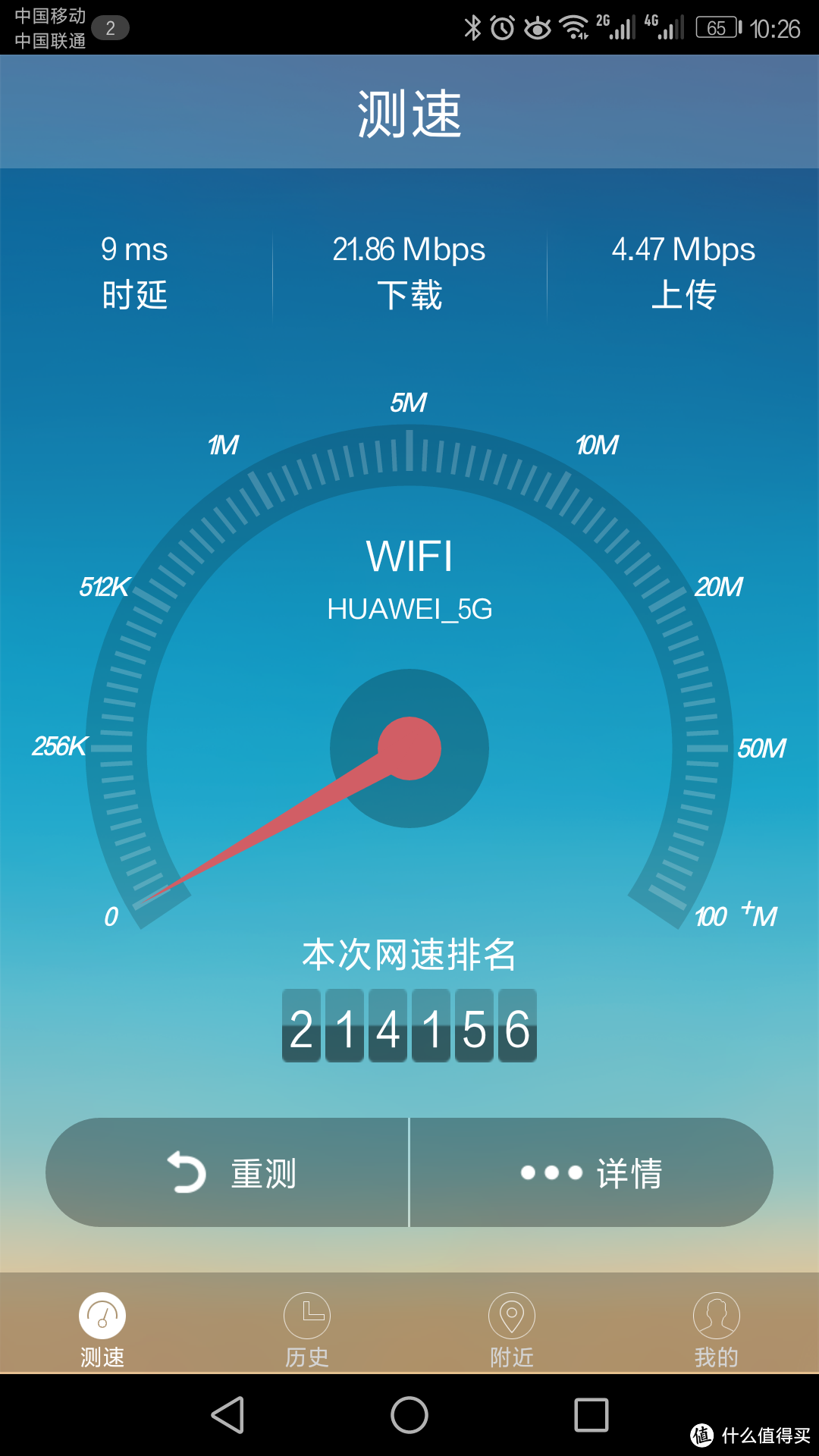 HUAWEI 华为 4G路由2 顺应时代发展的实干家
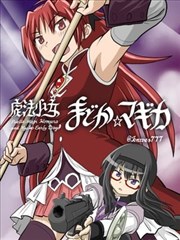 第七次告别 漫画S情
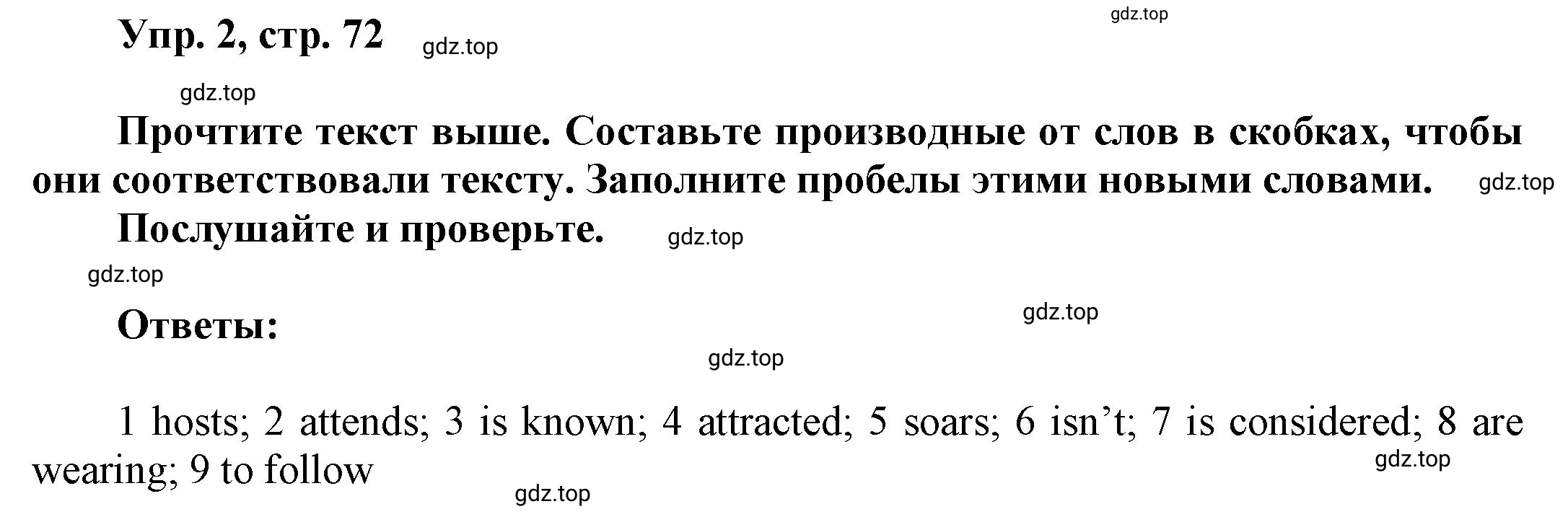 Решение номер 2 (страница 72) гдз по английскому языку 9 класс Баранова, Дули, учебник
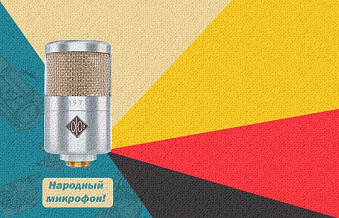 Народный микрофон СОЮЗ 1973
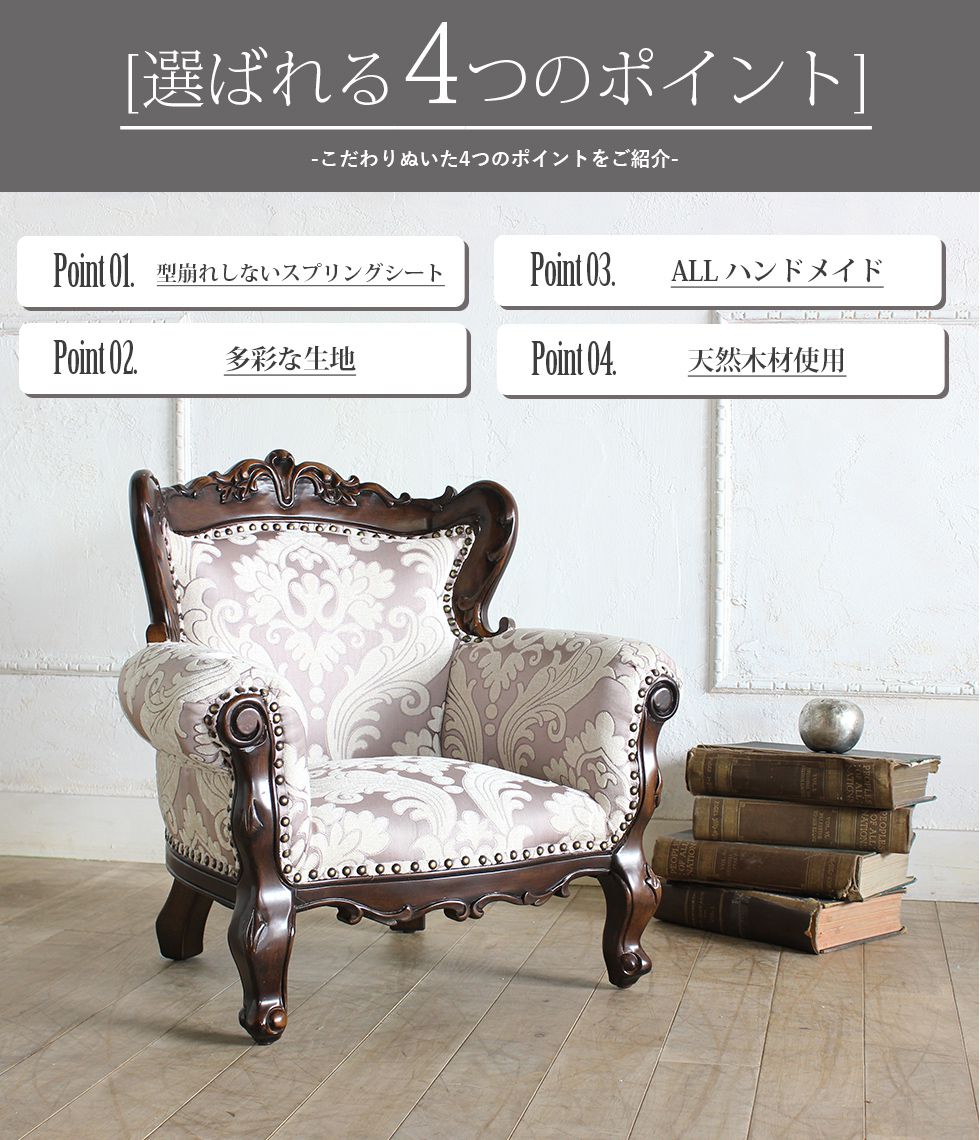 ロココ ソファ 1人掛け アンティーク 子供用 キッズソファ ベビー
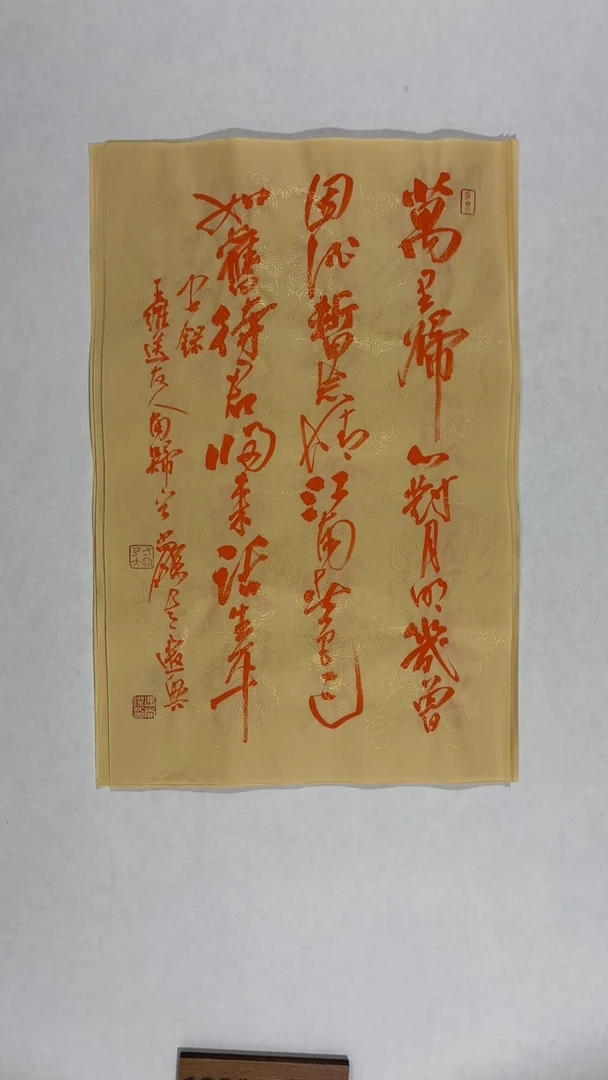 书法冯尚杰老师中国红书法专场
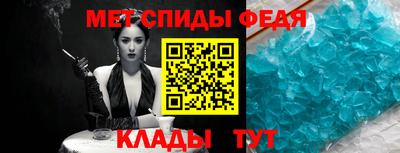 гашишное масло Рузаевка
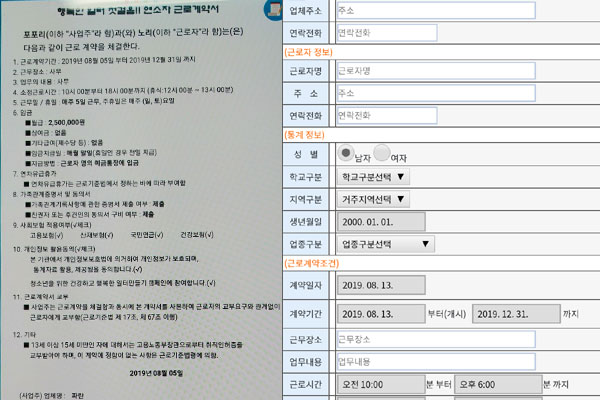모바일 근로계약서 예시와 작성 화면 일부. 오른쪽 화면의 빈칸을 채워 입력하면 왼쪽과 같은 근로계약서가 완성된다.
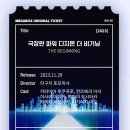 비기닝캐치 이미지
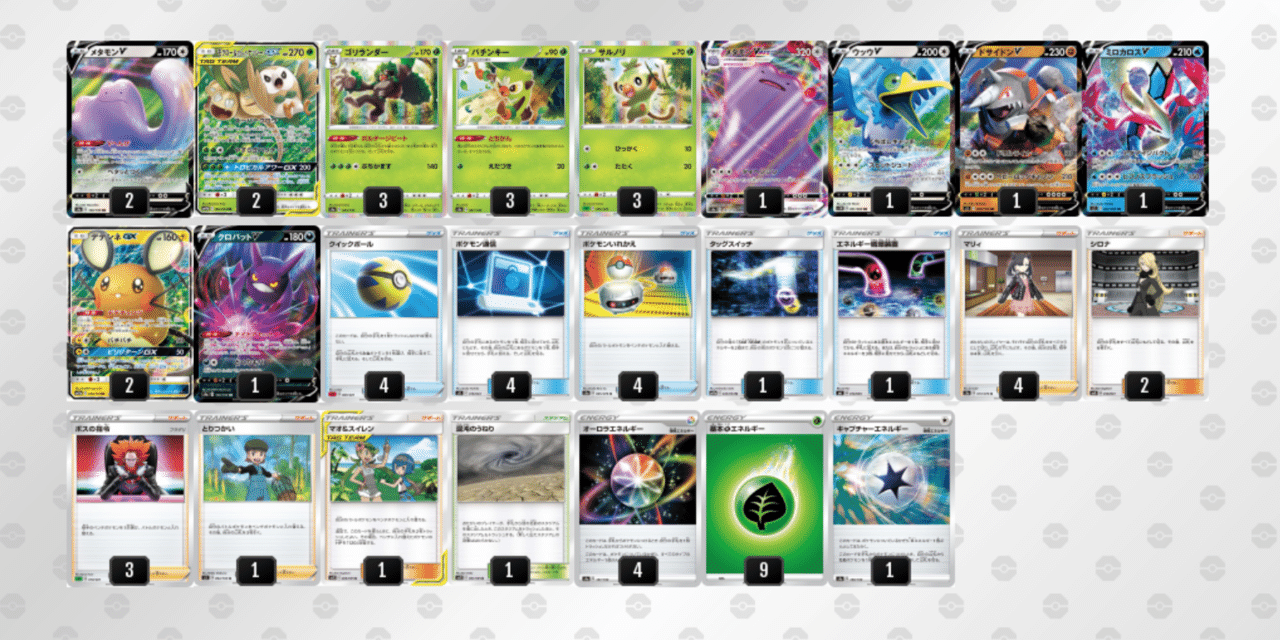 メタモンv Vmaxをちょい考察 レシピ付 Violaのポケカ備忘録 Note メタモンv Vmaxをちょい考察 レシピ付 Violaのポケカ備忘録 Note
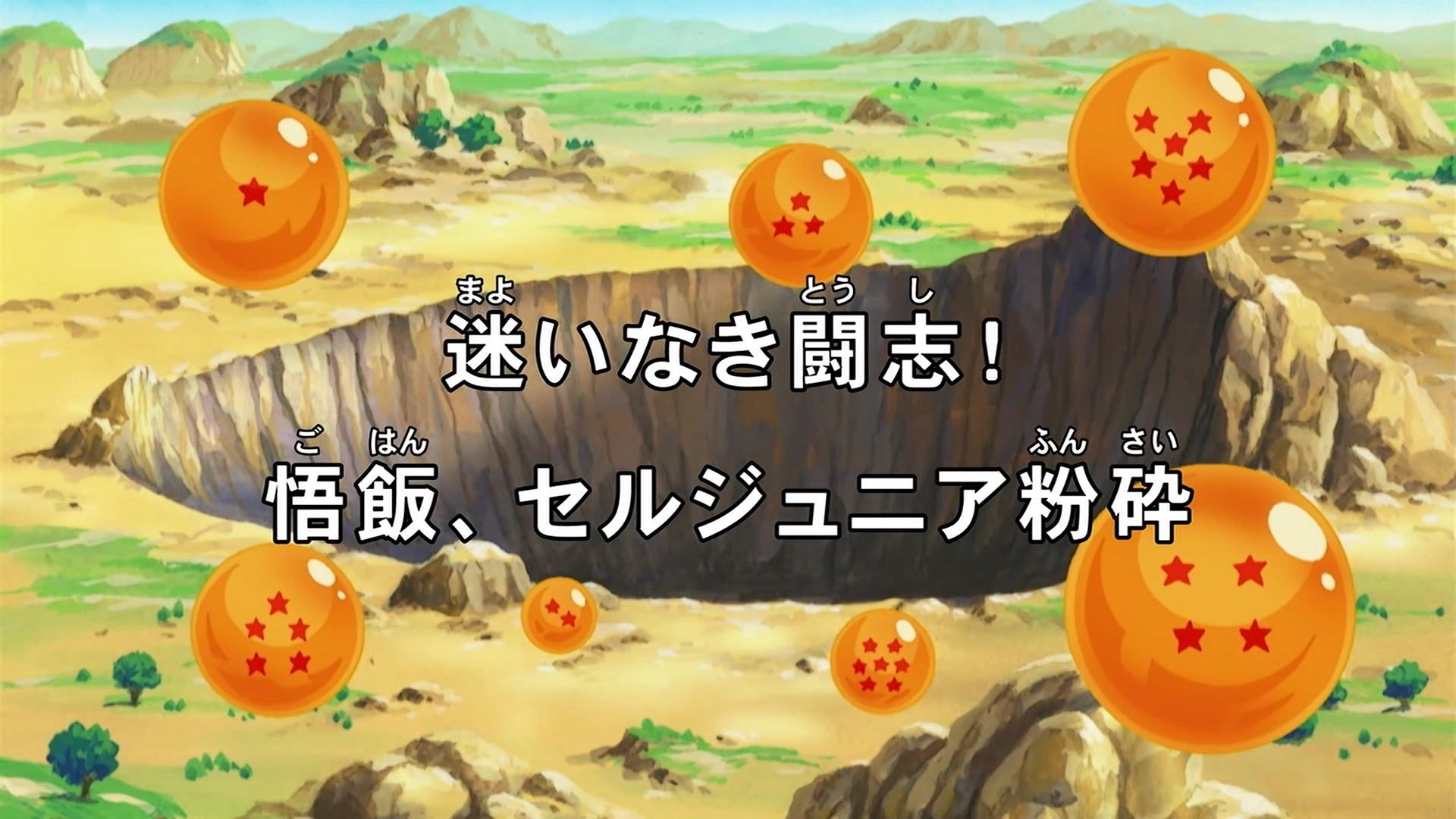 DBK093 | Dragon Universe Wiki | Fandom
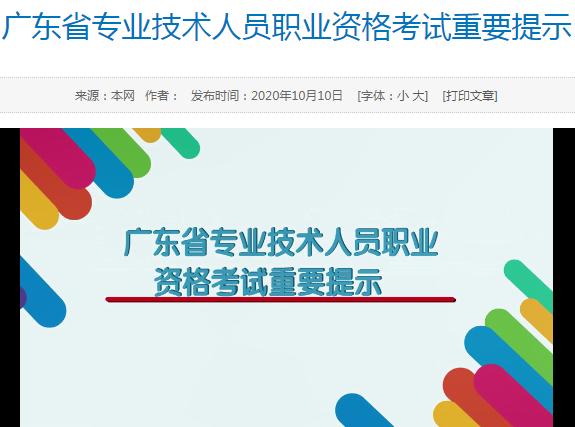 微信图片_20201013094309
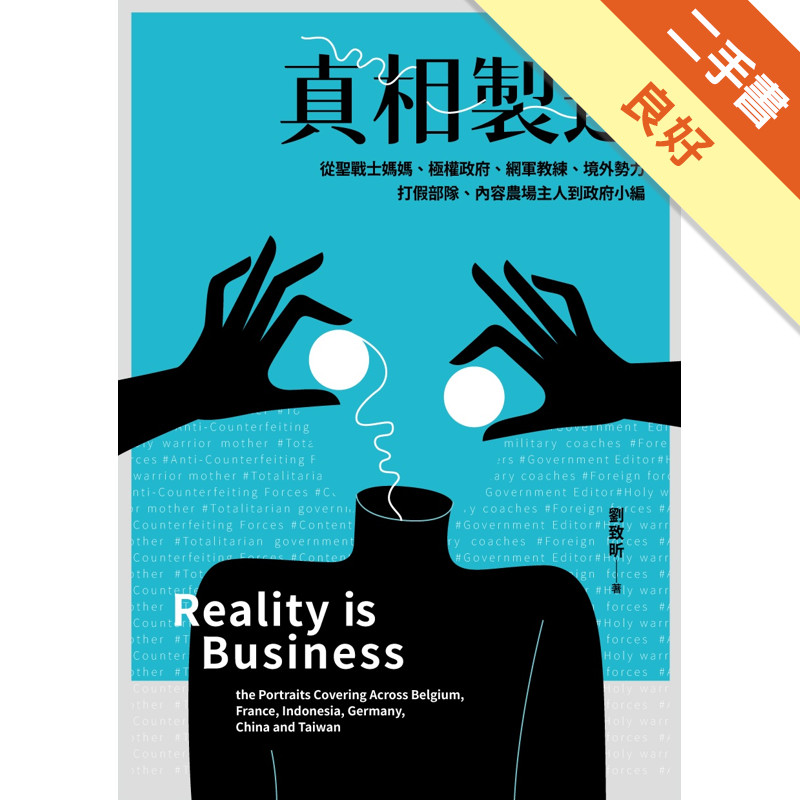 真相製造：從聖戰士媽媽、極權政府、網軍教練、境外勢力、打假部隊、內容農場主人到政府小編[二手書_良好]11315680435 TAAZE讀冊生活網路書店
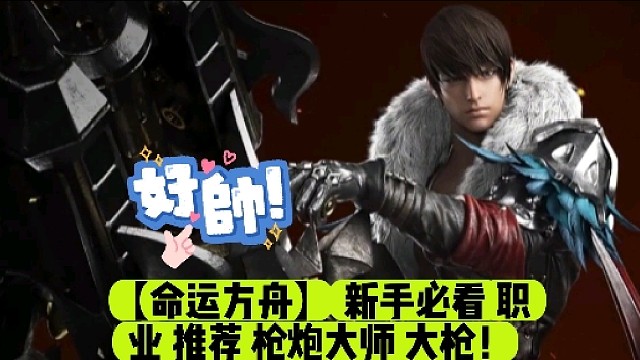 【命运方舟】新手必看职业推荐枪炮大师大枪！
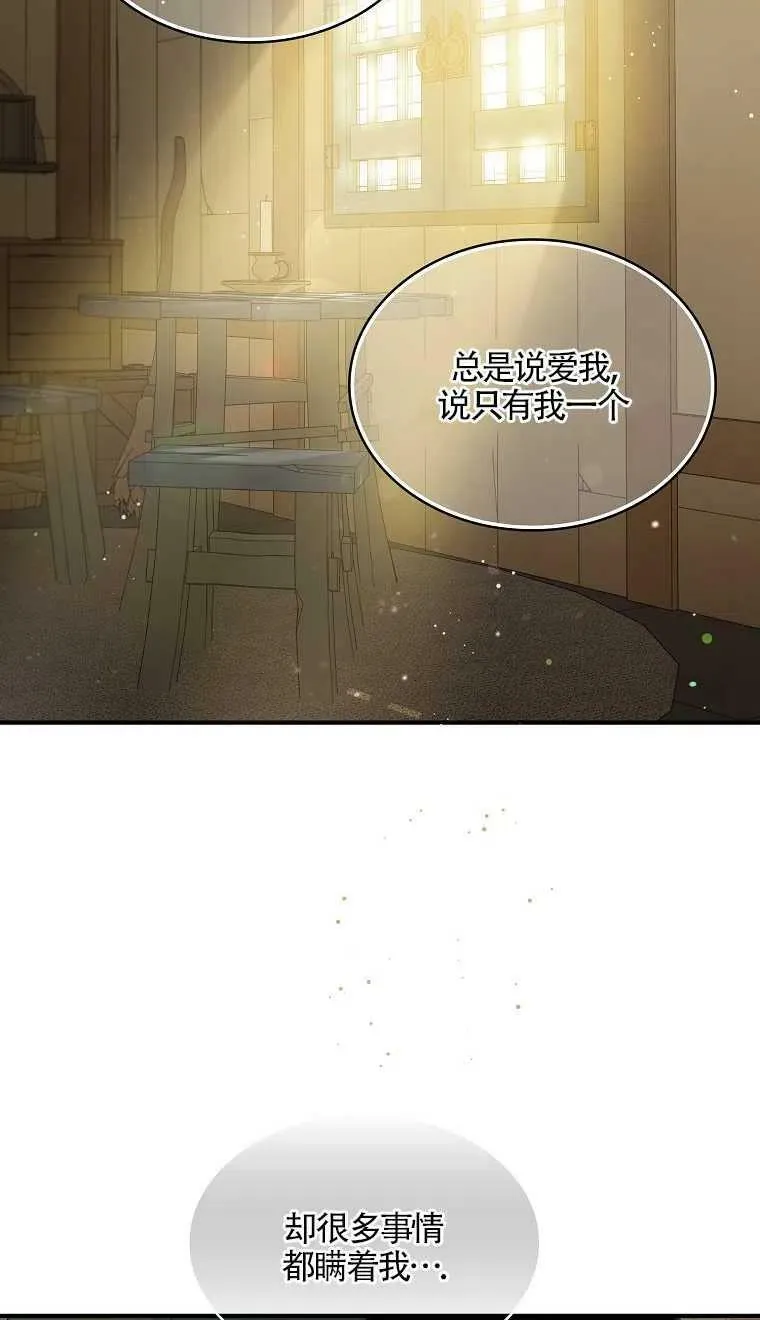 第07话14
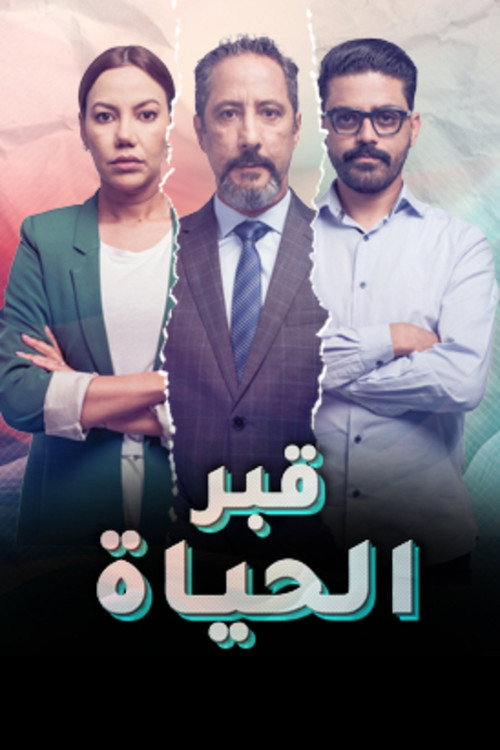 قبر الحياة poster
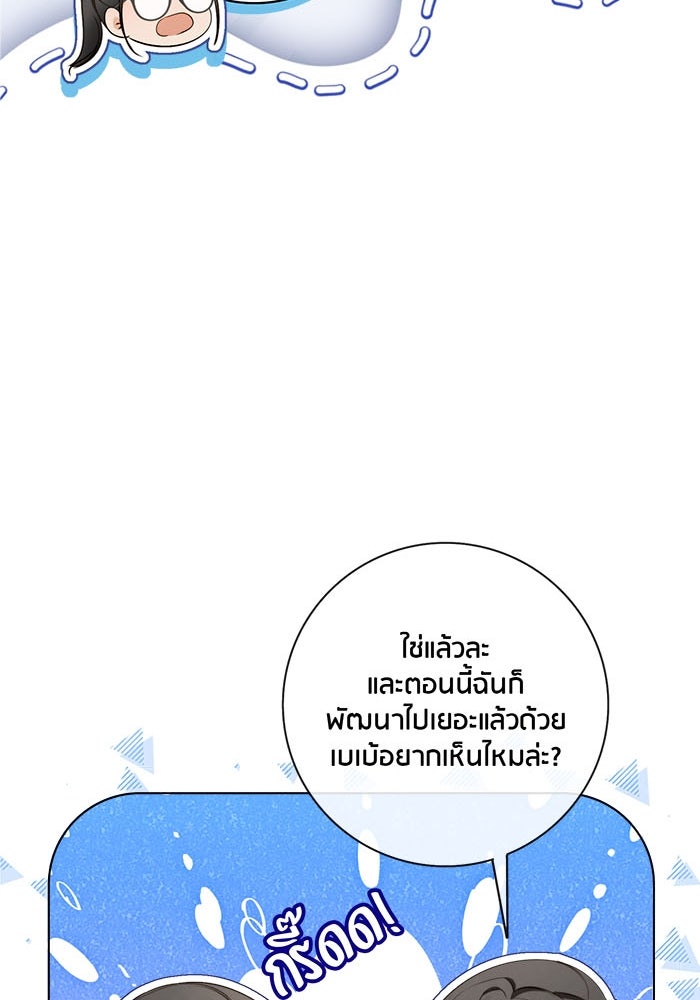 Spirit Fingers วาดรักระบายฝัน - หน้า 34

## The task
Nothing but the lines from the one holding "DBK093 | Dragon Universe Wiki | Fandom" through the final line of the entries should be retyped, exactly as they stand and without pictures.

## Output for this exercise
 DBK093 | Dragon Universe Wiki | Fandom
 微信图片_20201013094309
 真相製造：從聖戰士媽媽、極權政府、網軍教練、境外勢力、打假部隊、內容農場主人到政府小編[二手書_良好]11315680435 TAAZE讀冊生活網路書店
 【命运方舟】新手必看职业推荐枪炮大师大枪！
 第07话14
 قبر الحياة poster
 Spirit Fingers วาดรักระบายฝัน - หน้า 34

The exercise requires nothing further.